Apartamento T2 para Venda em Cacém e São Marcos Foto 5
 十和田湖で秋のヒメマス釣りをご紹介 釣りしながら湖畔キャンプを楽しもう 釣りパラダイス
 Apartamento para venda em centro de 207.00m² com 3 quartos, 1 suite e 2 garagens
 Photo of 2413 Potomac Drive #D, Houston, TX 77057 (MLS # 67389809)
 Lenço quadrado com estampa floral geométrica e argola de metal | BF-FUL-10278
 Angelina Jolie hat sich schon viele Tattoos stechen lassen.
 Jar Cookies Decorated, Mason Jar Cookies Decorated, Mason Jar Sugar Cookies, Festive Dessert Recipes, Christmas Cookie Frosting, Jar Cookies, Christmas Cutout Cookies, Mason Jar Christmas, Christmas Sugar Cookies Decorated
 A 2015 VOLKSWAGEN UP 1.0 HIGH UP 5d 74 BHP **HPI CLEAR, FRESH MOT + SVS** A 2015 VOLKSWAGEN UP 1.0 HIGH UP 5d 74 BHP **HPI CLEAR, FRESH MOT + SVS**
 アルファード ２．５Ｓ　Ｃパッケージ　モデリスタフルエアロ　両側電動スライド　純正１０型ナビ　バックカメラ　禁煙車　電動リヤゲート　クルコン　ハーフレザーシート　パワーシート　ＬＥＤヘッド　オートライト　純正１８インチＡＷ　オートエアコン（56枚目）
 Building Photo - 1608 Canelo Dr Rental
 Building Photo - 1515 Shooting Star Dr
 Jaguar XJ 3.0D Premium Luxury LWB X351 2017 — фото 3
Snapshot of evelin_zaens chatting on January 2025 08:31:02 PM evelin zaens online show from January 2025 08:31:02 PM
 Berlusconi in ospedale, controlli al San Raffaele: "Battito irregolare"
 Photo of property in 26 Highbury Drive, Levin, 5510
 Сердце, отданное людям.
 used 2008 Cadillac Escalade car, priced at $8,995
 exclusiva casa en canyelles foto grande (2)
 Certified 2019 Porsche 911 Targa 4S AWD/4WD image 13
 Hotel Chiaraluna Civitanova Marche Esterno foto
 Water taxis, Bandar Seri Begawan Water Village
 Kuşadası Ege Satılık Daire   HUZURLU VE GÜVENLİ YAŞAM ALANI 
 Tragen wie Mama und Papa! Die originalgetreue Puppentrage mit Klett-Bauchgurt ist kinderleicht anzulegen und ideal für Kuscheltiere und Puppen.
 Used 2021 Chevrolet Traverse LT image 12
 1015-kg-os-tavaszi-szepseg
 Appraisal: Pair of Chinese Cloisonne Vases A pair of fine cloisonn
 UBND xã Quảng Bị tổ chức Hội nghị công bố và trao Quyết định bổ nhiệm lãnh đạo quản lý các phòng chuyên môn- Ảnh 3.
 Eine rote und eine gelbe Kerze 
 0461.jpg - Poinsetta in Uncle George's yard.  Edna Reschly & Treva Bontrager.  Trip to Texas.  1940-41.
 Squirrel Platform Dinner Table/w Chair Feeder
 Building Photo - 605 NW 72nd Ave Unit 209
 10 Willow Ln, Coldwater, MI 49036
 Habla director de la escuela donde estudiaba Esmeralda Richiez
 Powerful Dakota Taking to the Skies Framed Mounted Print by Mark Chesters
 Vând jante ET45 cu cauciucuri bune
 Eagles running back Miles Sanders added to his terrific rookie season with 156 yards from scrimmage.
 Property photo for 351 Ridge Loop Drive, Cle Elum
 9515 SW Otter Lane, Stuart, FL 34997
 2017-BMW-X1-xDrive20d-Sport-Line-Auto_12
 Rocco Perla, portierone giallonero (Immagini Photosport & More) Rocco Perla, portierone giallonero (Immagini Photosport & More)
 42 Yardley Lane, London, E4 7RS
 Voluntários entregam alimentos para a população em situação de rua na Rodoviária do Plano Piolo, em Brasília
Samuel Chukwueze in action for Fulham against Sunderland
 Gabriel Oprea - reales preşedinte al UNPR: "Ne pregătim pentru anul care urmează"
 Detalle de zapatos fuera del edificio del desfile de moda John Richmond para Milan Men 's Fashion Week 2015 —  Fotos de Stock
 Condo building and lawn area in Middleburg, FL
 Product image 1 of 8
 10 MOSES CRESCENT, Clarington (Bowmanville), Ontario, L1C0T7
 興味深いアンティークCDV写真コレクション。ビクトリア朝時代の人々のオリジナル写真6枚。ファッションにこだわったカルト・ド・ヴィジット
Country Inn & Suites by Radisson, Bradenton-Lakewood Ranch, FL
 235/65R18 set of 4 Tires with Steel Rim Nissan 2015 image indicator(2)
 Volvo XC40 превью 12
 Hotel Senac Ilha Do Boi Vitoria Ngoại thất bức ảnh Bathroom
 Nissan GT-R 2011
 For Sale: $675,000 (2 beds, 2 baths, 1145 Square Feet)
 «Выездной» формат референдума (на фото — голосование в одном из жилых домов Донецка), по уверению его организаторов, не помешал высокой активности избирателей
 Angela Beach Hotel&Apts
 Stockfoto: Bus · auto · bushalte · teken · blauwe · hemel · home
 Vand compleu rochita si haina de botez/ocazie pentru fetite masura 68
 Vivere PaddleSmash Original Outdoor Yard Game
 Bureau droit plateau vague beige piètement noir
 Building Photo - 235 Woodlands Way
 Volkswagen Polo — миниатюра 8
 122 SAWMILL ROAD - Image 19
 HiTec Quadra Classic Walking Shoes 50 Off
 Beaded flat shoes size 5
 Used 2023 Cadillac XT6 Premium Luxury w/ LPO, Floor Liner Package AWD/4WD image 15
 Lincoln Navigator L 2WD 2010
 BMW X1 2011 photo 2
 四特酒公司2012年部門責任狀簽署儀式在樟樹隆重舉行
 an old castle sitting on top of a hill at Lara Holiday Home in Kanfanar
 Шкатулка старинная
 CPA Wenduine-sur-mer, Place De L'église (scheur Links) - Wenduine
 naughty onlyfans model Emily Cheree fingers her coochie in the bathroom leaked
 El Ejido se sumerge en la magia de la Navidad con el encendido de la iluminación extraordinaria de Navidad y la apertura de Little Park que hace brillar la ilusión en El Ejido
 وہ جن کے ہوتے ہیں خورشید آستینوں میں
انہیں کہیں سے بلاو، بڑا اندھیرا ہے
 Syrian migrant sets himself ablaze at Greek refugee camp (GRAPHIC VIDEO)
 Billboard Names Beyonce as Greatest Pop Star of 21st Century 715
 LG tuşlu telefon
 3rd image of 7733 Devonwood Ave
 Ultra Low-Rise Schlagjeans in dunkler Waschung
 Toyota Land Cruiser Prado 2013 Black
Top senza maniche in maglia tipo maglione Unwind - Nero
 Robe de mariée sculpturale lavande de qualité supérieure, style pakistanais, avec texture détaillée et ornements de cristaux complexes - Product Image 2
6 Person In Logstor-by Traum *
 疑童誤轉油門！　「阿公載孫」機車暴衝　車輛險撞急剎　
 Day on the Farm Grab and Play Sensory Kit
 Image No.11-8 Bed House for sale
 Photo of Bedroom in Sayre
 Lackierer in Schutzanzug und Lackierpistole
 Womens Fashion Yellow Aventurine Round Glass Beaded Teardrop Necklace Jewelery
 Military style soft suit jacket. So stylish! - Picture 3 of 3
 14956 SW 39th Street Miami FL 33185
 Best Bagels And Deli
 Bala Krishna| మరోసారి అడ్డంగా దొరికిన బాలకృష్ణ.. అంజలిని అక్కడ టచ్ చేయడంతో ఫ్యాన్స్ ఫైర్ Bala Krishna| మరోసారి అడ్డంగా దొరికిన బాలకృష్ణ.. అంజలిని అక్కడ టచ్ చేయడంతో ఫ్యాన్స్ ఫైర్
-*-
Return all lines of the material that have "Hotel" in them.

» **ANSWER BELOW**
 Hotel Chiaraluna Civitanova Marche Esterno foto
 Hotel Senac Ilha Do Boi Vitoria Ngoại thất bức ảnh Bathroom
 Angela Beach Hotel&Apts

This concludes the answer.